La banque, pour éviter un fichage à la Banque de France de son client, peut décider de payer, malgré le dépassement du découvert autorisé. C’est la banque qui décide, en fonction du profil du client. Quelqu’un qui possède d’autres comptes au sein de la même banque, avec une épargne conséquente par exemple, n’aura aucune difficulté à faire pencher la balance en sa faveur.
Au contraire, quelqu’un qui n’a qu’un compte courant, qui est souvent à découvert, aura beaucoup de mal à éviter l’interdiction bancaire. Il faut bien comprendre qu’il n’y a pas de contrat obligeant la banque de payer. Pour rappel, le fichage intervient quand on a omis de payer ce que l’on doit : un chèque sans provision est l’exemple le plus répandu. Si par bonheur la banque accepte de payer, les agios seront alors bien plus élevés qu’en cas de découvert autorisé.
Idéalement, il faut prévenir son banquier que le compte se retrouvera à découvert. Ceci va lui permettre de proposer de plus petits intérêts et montrera la bonne foi du client. Le dialogue avec son conseiller est essentiel. Il faut toujours garder en tête que la banque a la totale liberté en la matière : ce n’est pas parce qu’elle a accepté une fois le découvert non autorisé qu’elle le refera par la suite.
Les commissions d’intervention ou frais de forçage
Il existe des différences entre le type de débit provoquant le découvert. Un chèque sans provision est par exemple plus difficile à traiter qu’un prélèvement automatique non provisionné. En clair, un chèque en bois va coûter beaucoup plus cher en frais bancaires au client si la banque décide malgré tout de l’honorer qu’un prélèvement bancaire.
Si le banquier accepte le dépassement du découvert autorisé, en plus de la majoration des intérêts, il devra également faire payer au client des frais supplémentaires par opération. C’est la « commission d’intervention », également connue par « frais de forçage ». Dans ces frais, on retrouve le courrier impersonnel que l’on reçoit à la maison, nous demandant de mettre de l’argent sur le compte en déficit. Ce sont ces frais qui sont les plus polémiques, à tel point qu’il a fallu faire une Loi pour mettre un peu d’ordre dans tout ça : on pouvait payer des frais pour un euro de découvert ! Avant la nouvelle Loi, ces frais variaient fortement entre les différentes banques, allant de 5 à 10 euros par opération. On comprend très vite que les frais pouvaient très rapidement monter pour atteindre des sommes importantes, même avec ce qui était au départ un petit découvert.

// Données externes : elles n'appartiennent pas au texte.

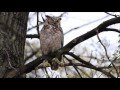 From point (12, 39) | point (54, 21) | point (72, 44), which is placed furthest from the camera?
point (54, 21)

Depuis le 1er janvier 2014, si on a un découvert provoquant des frais de forçage, la Loi va protéger le client de la banque en limitant ces frais. Les sommes peuvent tout de même être très importantes, surtout pour un simple courrier d’avertissement automatisé. Les « interventions » sont heureusement limitées à 10 par mois, et à 8 euros par intervention, soit tout de même 80 euros par mois, uniquement pour avertir le client qu’il n’a plus d’argent. Imaginez quelqu’un qui n’a pas d’argent, et qui doit par-dessus le marché 80 euros supplémentaires à sa banque…
A ce sujet, pour connaître les tarifs bancaires de sa région, le gouvernement a mis en place un site très pratique, www.tarifs-bancaires.gouv.fr . Il nous permet de choisir son département, et de comparer le service bancaire de son choix entre toutes les banques près de chez soi. On peut ainsi voir que dans le Cher, toutes les banques ont adopté le tarif maximum de 8 euros, sauf le Crédit Municipal de Bordeaux (6 euros), la Banque Postale (6,60 euros) et surtout la Macif, qui ne prend que 5 euros.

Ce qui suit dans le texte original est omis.